The Writings of Carl Schurz/To Henry Cabot Lodge, December 13th, 1876


St. Louis, Dec. 13, 1876.

You want to know what I think of the present condition of things? I scarcely know it myself. We are completely out of our reckoning. There is so much wrong on each side that many conscientious men hesitate to attack one for fear of playing into the hands of the other. Before the election some of our friends opposed the Republican candidates on the ground that a party must be held responsible for the misdoings of its agents and representatives, and because the campaign on the Republican side had to a great extent been taken possession of by the very men against whom a reform movement should have been directed. That was correct as far as it went; but those who acted upon that principle did not see what was going on on the Democratic side. The reason why I made as good a fight as I could for Hayes was, in the first place, that I had very good reason to trust the honesty of his purpose to eliminate, in case of his success, from our politics that most dangerous element of selfishness and corruption, the spoils, and that he would not fall under the control of the men who pushed themselves in the canvass,—and secondly because I had equally good reason to distrust the character and purposes of the leading men on the Democratic side and to believe that the pretense of “reform” there was the hollowest sham in the world. Enough of their way of doing things had come to my knowledge to convince me in the strongest possible manner that this accession to power would take us from the frying pan into the fire. I never had any confidence in Tilden but now I have less than ever.

The election itself and what has followed is only a fair illustration of what preceded it. There are two things essential to the existence of republican Government: 1, that there should be a free expression of the popular will at the ballot-box, and 2, that the votes cast there should be honestly counted and carried into effect. Both those things have given way not only the latter but, I assure you, the former also. In saying this I do not repeat newspaper reports and still less do I depend upon partisan statements, but upon trustworthy information I received from disinterested and truth-loving persons. One of the evils undermining our political fabric lies, therefore, still behind the returning-boards. The fact is, the reconstruction measures have landed us in a condition of things full of new problems, the extent of which we have not been able to measure.

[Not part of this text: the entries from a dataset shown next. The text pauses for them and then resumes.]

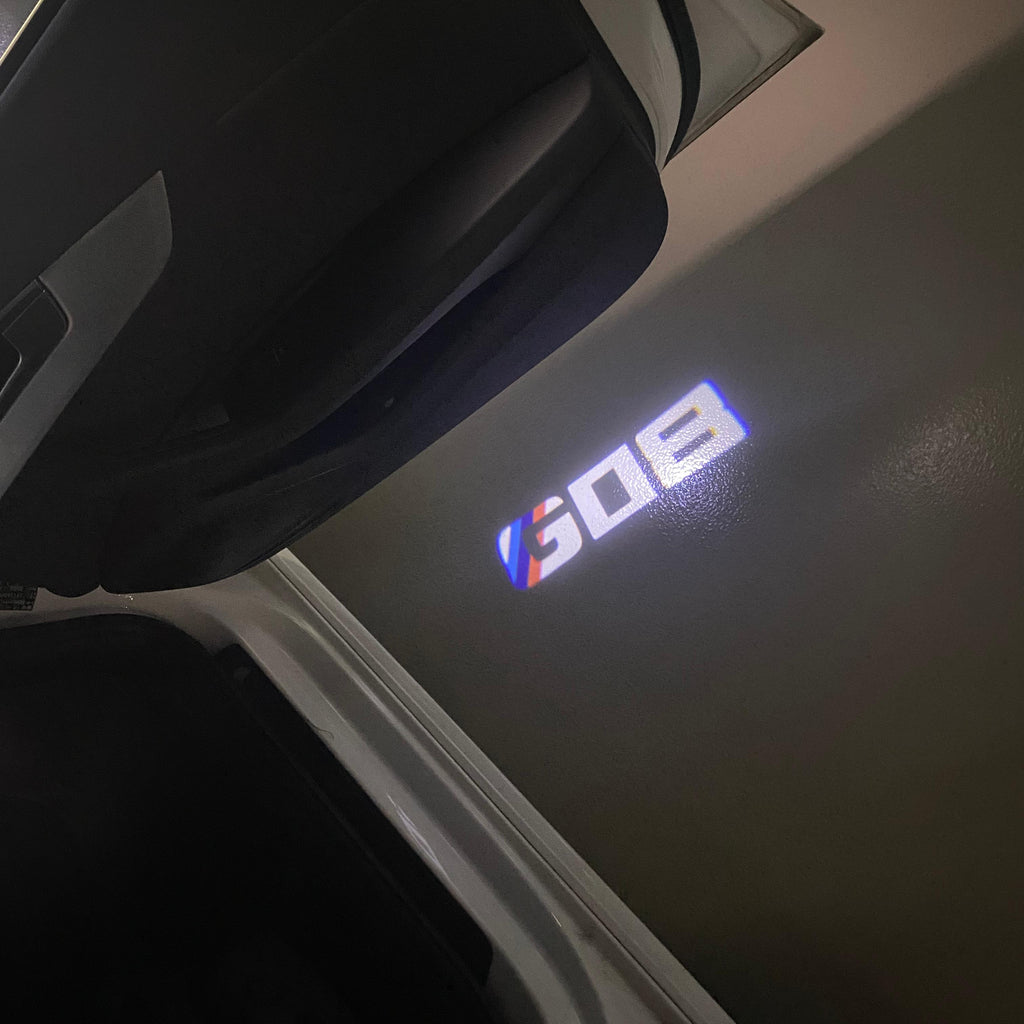 ÉCLAIRAGE DE PROJECTEUR BMW M3 LOGO Nr.24 (quantité 1 = 1 jeux / 2 feux de porte)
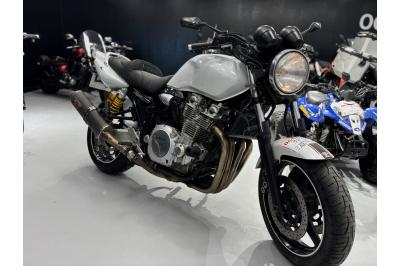 YAMAHA XJR 1300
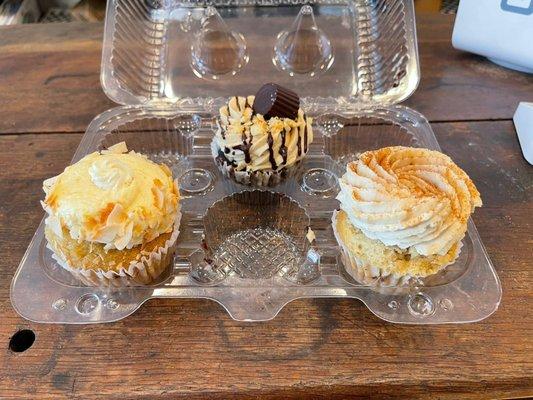 Mango coconut cupcake, Tres Leches Cupcake, Peanut Butter Cupcake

What is now to be done? If the determination of the Presidential question is left to a party-struggle in Congress the President of the Senate will probably assume the power of counting the votes and declare Hayes elected, while the Democrats will elect Tilden in the House of Representatives. Then worse confusion still. You will have noticed that ex-Senator Henderson and myself have petitioned Congress to pass the Constitutional amendment referring the matter to the Supreme Court. I will admit that this would be a mere expedient, justifiable for the reason that soon our Constitutional system will have to be overhauled anyhow. But if this is not adopted, and I do not think it will be, it is of supreme importance that some method be discovered to withdraw the Presidential question from the theater of party strife in Congress and to refer it to some tribunal above partisan spirit and interest. I expect McCreary's resolution to be adopted and the joint Committee of the Senate and House for which it provides, may possibly agree upon some arbitrament which both parties will accept as binding. The Democrats will certainly have nothing to lose in doing so, and if they agree to it public opinion would scarcely leave the Republicans any choice. Mr. Lemoyne offered a resolution in the House which foreshadows something of that kind. In that way we should at least get an Administration whose existence would have a fair show of legitimacy.

What I fear most is not a civil war,—for I think neither party is prepared for that,—but a condition of things completely upsetting our political morals. The moral sense even of good honest people is apt to become confused and blunted when there is such a complication of right and wrong on each side, that the path of duty is not clear.